Posted by 3Traveller 03:01 Archived in Ecuador Tagged cathedral iguanas ecuador iglesia_san_francisco guayaquil explorations malecon_2000 parque_centenario guayaquil_metropolitan_cathedra avenida_9_de_octubre river_guayas Comments (0)

Guayaquil Explorations

Guayaquil: A day as a tourist rather than a working resident.

On Sunday I decided to explore a bit more of the city and be more of a tourist than I have been so far. I've been meaning to do this for ages but never seemed to have the time until now. My plan was to get off the bus halfway along the Malecon 2000 (a riverside 2km-long gated walkway with monuments, trees, childrens' playgrounds, snack stalls, lookout towers, a little shopping mall and a couple of other things) and walk along it to the top end, where there's the Cultural Centre. This includes the Museum of Anthropology and Contemporary Art, which has an excellent reputation. I love anthropology museums and also wanted to see all the art. After going to the museum, my plan was to carry on past the top end of the Malecon into the colonial district of Las Peñas, explore that and then climb Cerro Santa Ana. Las Peñas is at the foot of the hill.
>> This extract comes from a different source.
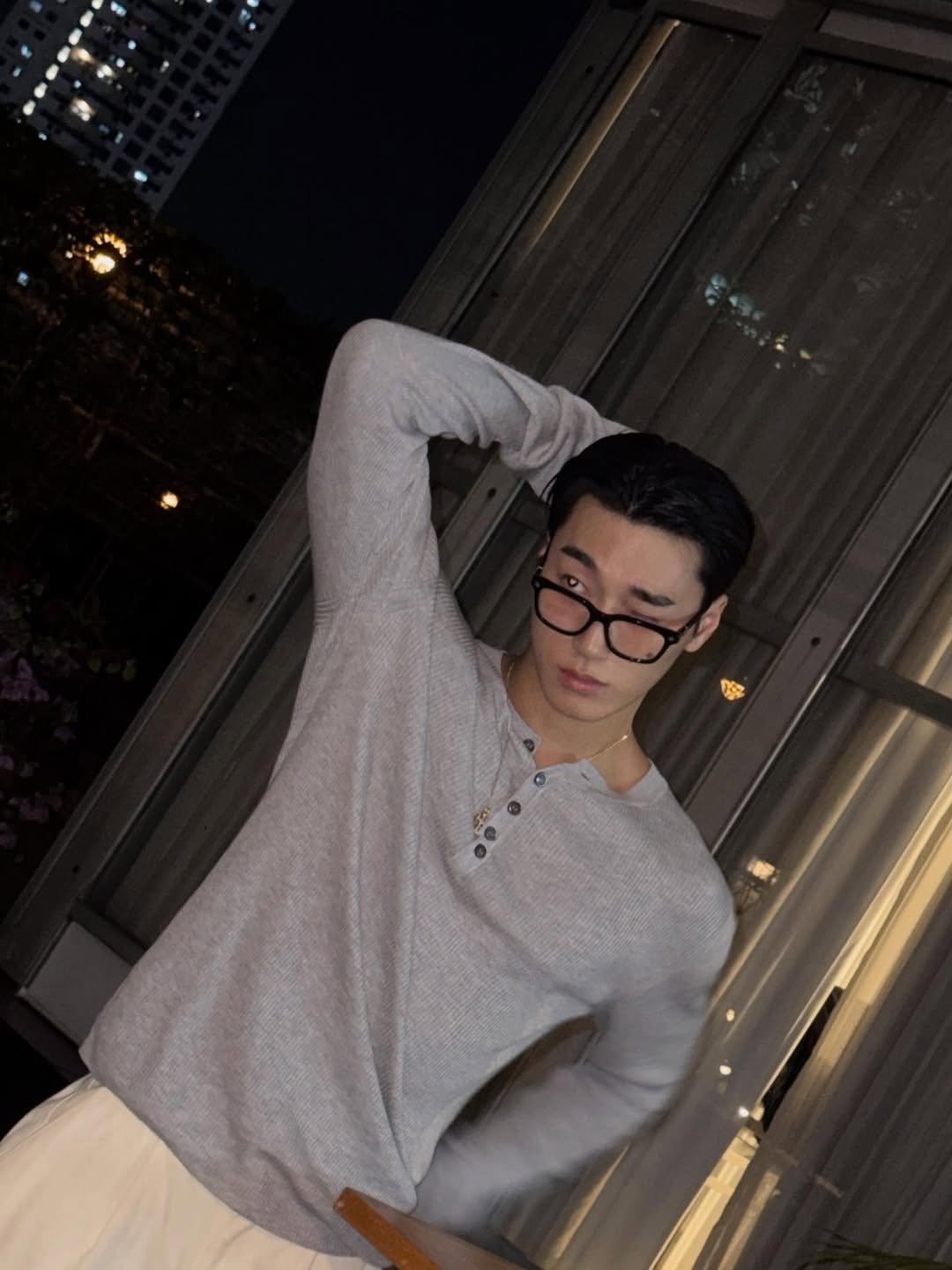 Photo shared by woodeoki on March 15, 2026 tagging @choi3an. May be an image of sweatpants, turtleneck, night and text.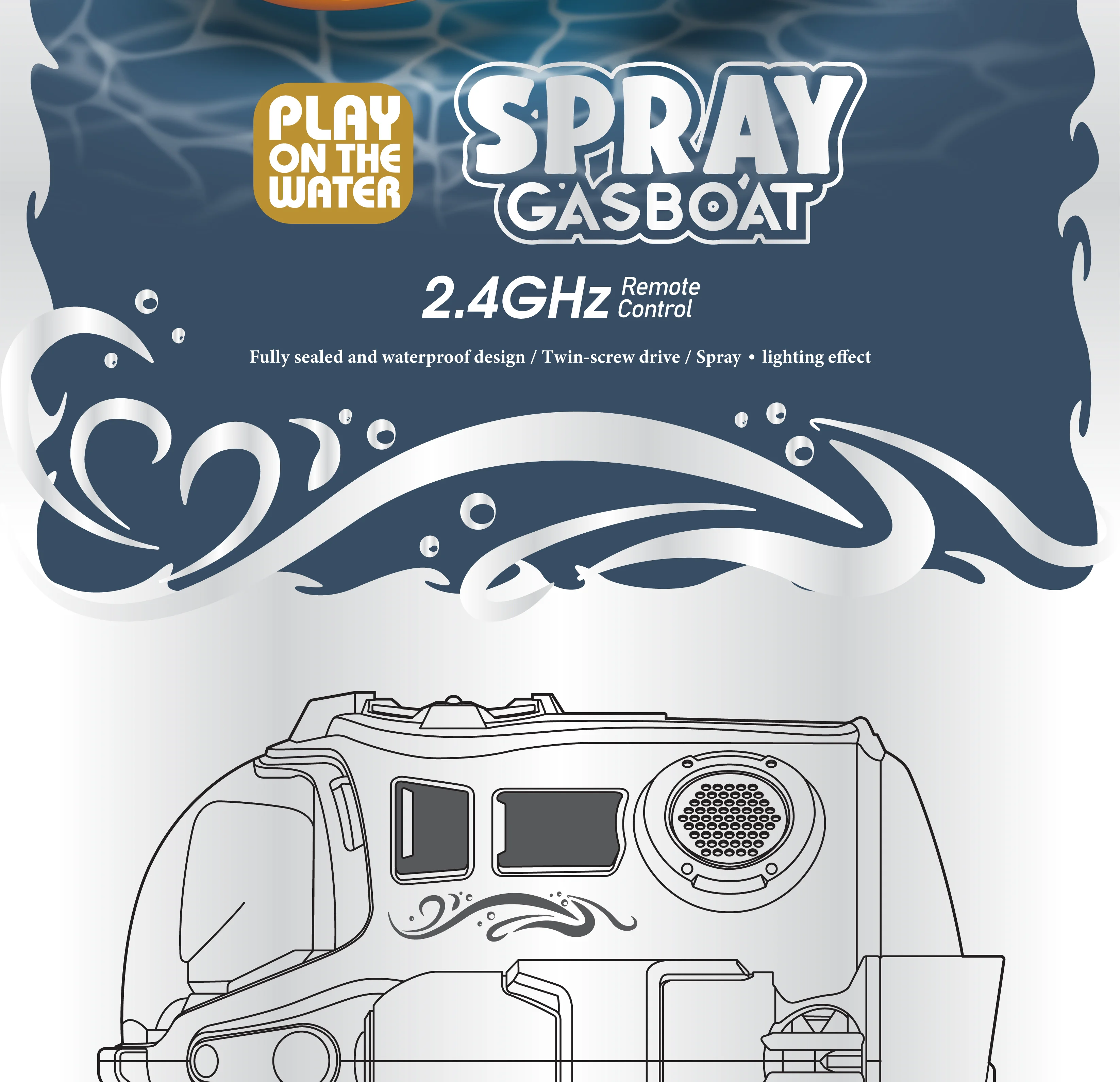 2.4GHz Rc Boat Toys Remote Control Boat Waterproof Spray Swimming Pool Bathing RC Steamboat For Boys And Girls Children Gift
Before I left the flat I watched Andy Murray win the first two sets of the Wimbledon final, but had to leave after that because the guidebooks said the museum was only open until 3.30, I didn't want to rush walking along the Malecon beforehand, and I knew the bus journey would be quite long to begin with.

I had to change buses here, opposite the regional government building. This is where I had to go to register my visa within 30 days of arrival in Ecuador.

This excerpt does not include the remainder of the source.